And I'm wearing a dress.
Arden Chatfield · 12 December 2005
BWE · 12 December 2005
Answer me this:
WHy does this whole topic matter?
I am not saying that you are all crazy, (well,) I think it is important but I just asked myself, WHat is wrong with just having us all believe that god created the earth and the church gives us the only authority among us on earth and that we will be judged according to our actions and if we were people who fit the bell curve Just right (maybe the bottom 10th percentile) we would go to heaven?
My theory is that we have evolved almost enough intelligence to understand something of real cosmic import. Maybe this close (holds thumb and forefinger together with just a sliver of light shining between) to getting the cosmic joke or tragedy or nirvana or whatever but we're not quite there. Maybe at IQ of 250 or so and we are there. So, the ones who are farther left on that bell curve have a harder time seeing it than those who are farther to the right but even the most brilliant among us isn't quite there but they see glimpses of it. Those who really can't get even a glimpse only know that it is there because they have been told. My dog, for example, doesn't care about god as far as I can tell. I don't think she cares about most abstract things.
The other side would be that we know the answer implicitly but our intelligence gets in the way so the farther to the right we are the farther away from understanding we go.
I think it matters because the ones to the right of that scale (and you know that there isn't a quality of life difference on the scale so all you 140ers can wipe that smug smile off your faces:) feel like they are almost there, they can taste it, hear it and sometimes smell it but they can't quite grasp it and they feel like the others are creating the noise that is hindering their efforts.
What do you think? I am perfectly willing to accept that I have gone over the deep end and I should relegate myself to lurker status. Or even shut down this stupid computer and go fishing.
steve · 12 December 2005
Aureola Nominee, FCD · 12 December 2005
Gerard Harbison · 12 December 2005
David Heddle wrote: I stay off PZ threads because who wants to be disemvowelled?
BWHHHHHH!
Tht wld b hrrbl!
shenda · 12 December 2005
BWE:
"What do you think? I am perfectly willing to accept that I have gone over the deep end and I should relegate myself to lurker status. Or even shut down this stupid computer and go fishing."
Yes, you have definitely gone off the deep end --- that is what happens when you post here when you could be fishing! Sheeesh, get you priorities straight!
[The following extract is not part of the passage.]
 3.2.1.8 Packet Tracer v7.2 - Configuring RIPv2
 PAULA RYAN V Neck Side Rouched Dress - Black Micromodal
D. Glenn Arthur Jr. · 12 December 2005
Ah, so the teaching of evolution leads to crossdressing ... I wonder who the time-travelling professors were who taught evolution to such notorious public figures as Lord Cornbury (a century before Darwin's birth) and Le chevalier d'Eon (who died when Darwin was a few years old).
And who knew Joan of Arc had such a modern education?
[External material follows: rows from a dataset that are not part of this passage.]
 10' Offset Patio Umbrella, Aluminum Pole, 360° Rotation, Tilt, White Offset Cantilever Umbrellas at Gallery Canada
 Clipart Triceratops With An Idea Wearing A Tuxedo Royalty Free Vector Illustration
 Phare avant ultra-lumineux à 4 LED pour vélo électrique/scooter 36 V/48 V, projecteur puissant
I am amused to a degree beyond what this deserves. Never realized just how modern I was.
BWE · 12 December 2005
you're right of course. Thank you. Please read my blog now and then. Bye.
Steve Reuland · 12 December 2005
shenda · 12 December 2005
Ooops! That should be "your" priorities. (sum times me ferget ho wtoo poof reed :( )
Tice with a J · 12 December 2005
The Ghost of Paley · 12 December 2005
'Rev Dr' Lenny Flank · 12 December 2005
"Help! Help! I'm being censored!!!!", Rev Heddle screamed to the whole world.
(shrug)
Dean Morrison · 12 December 2005
Okay Ghost of Paley - you 'contest' the other crimes. I gave you a research paper:
http://moses.creighton.edu/JRS/2005/2005-11.html
which clearly shows that:
The United States has high levels of crime, low life expectancy, imprisonment, pregnancy in 15 -17 year olds, youth suicide, under-five mortality, gonnorhea and syphyllis infection; compared to all developed nations not just Europe.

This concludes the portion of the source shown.